Sprengung löste Grubenunglück aus

Staatsanwaltschaft ermittelte Sprengung als Ursache der Kohlenstaubexplosion im Braunkohlebergwerk von Borken / Verdacht erhärtet, daß fehlende Sicherheitsvorkehrungen verantwortlich für das Unglück sind  ■  Von Petra Bornhöft

Berlin (taz) - Eine Sprengung „im normalen Betriebsablauf“ unter Tage hat die Kohlenstaubexplosion im Braunkohlebergwerk von Borken, bei dem 51 Bergleute starben, ausgelöst. Die Beauftragten neun Gutachter sind davon überzeugt, daß nicht, wie ursprünglich vermutet, glimmende Zigaretten, Schweißarbeiten oder eine Methangasexplosion die Unglücksursache waren. Dieses erste Untersuchungsergebnis legte die Staatsanwaltschaft Kassel gestern, knapp sechs Wochen nach dem Unglück vor. Damit erhärtet sich der Verdacht, daß fehlende Sicherheitsmaßnahmen verantwortlich sind für die Explosion des Kohlenstaubs: In der Grube Stolzenbach gab es keine Meßinstrumente zur automatischen Kontrolle der Konzentration von Kohlenstaub, der nur explodieren kann, wenn eine andere Explosion vorausgegangen ist.

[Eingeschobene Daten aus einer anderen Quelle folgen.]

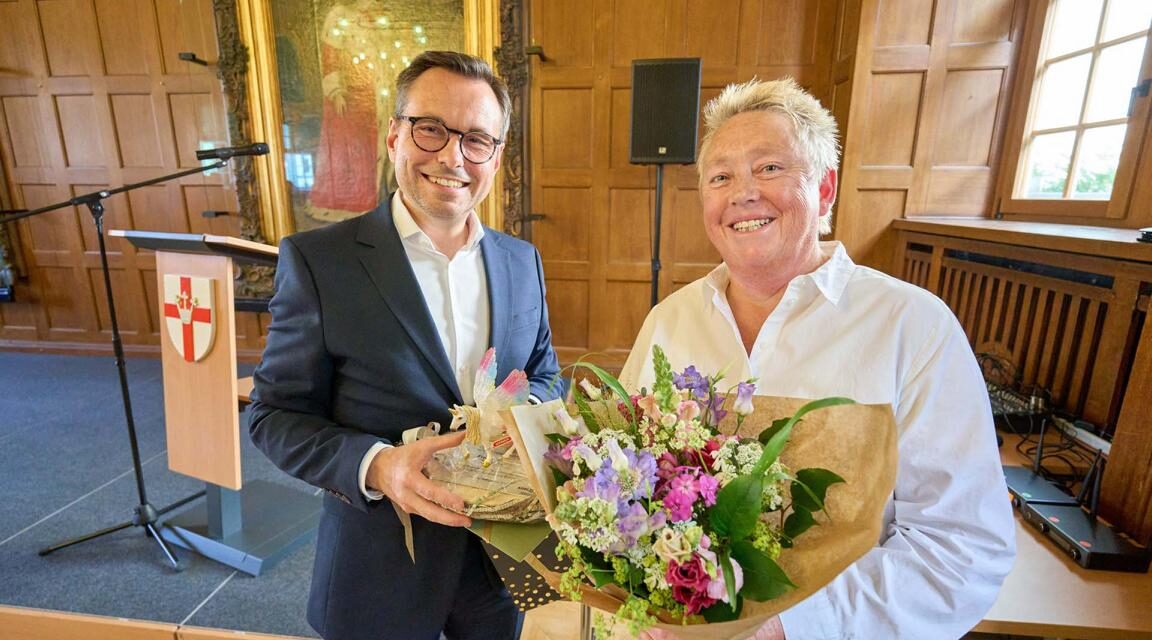 Bürgermeisterin Ulrike Mohrs verabschiedet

Bereits zwei Tage nach dem Unglück hatte der stellvertretende Leiter des Oberbergamtes Kassel, Wulf Böttcher, gesagt, es bedürfe einer „erheblichen Zündflamme“ um Kohlenstaub zur Explosion zu bringen. Er vermutete damals eine vorausgegangene Gasexplosion, die wiederum möglicherweise durch einen elektrischen Funken, einen Kurzschluß oder eine Sprengung ausgelöst worden sei.

Zwar konnte in der Folgezeit eine auf Methangas zurückgehende, sogenannte Schlagwetterexplosion als Unglücksursache ausgeschlossen werden. Doch es ist bemerkenswert, daß von einer Sprengung nie mehr die Rede war. Bemerkenswert deshalb, weil die Staatsanwaltschaft gestern mitteilte, Auslöser des Unglücks sei eine „um 12.35 Uhr im sogenannten Nordfeld im normalen Betriebsablauf“ durchgeführte Sprengung, mit der die „Strecke zurückgebaut“, (Stollen stillgelegt) werden sollte. Warum dieser Vorgang nicht früher bekannt gegeben wurde, darüber schweigt sich die Staatsanwaltschaft aus.

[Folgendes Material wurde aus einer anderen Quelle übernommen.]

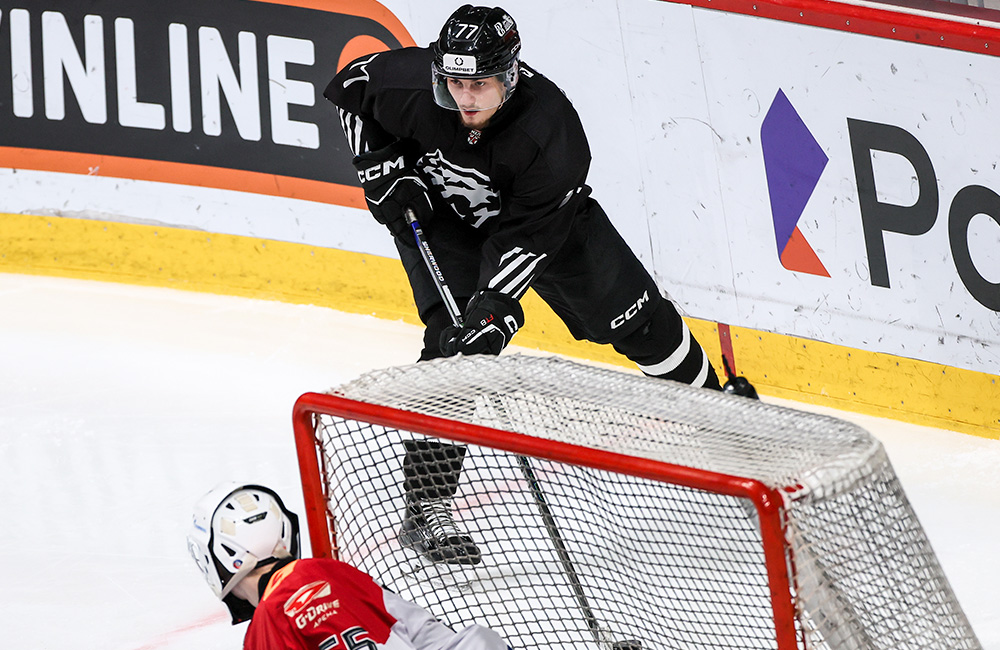 Артур Гатауллин: «Будем исправляться к следующей игре»  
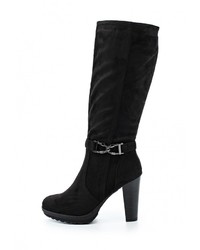Черные сапоги от Janessa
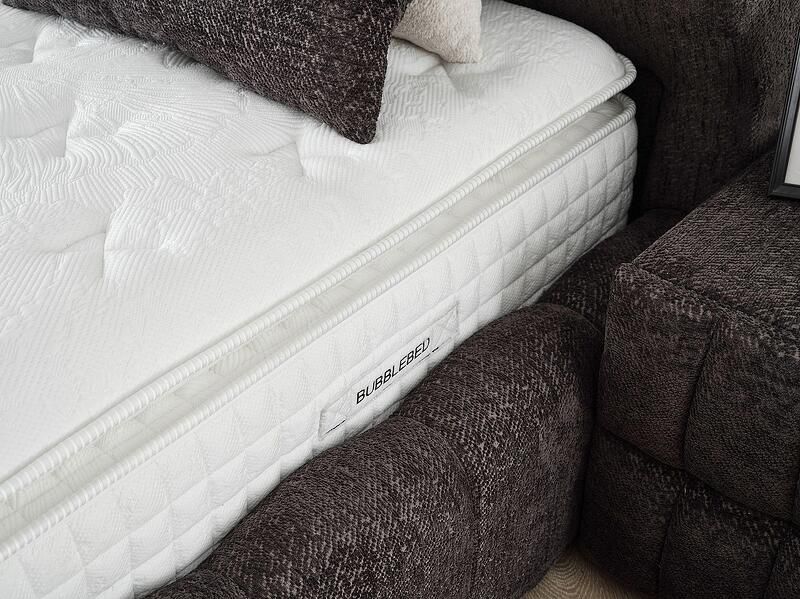 Тапицирано легло Bubble Графит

Auch die Eigentümerin der fast restlos zerstörten Grube, die Preußen-Elektra AG (PREAG), hat kein Sterbenswörtchen über den „normalen Betriebsablauf“ an jenem 1.Juni verlauten lassen. Statt dessen behauptete sie, das Bergwerk habe „allen Sicherheitsstandards genügt“.

Daß dem nicht so war, bestätigten nicht nur Mitglieder der Rettungsmannschaften. Kleinlaut mußte PREAG -Vorstandsmitglied Heinz Cramer eine Woche nach dem schwersten Unglück im Braunkohlebergbau erklären, daß die Kohlenstaubkonzentration nicht automatisch gemessen werde wie im Steinkohlebergbau, sondern ihre Kontrolle „von der Beobachtung der Bergleute abhängig gewesen“ sei. Zu deutsch: sie hingen ihre Nase in die dicke Luft unter Tage.

Auch die anfängliche Behauptung der PREAG und des hessischen Bergamtes, daß es in Braunkohlebergwerken „noch nie“ zu Explosionen gekommen war, mußte korrigiert werden.

Das Endergebnis der staatsanwaltschaftlichen Ermittlungen wird erst in einigen Monaten vorliegen, erklärte gestern der Leitende Oberstaatsanwalt Walcher. Vorher werde er keine Auskunft über Einzelheiten und die rechtliche Bewertung erteilen. Dabei dürfte es um die Frage der fahrlässigen Tötung von 51 Menschen gehen.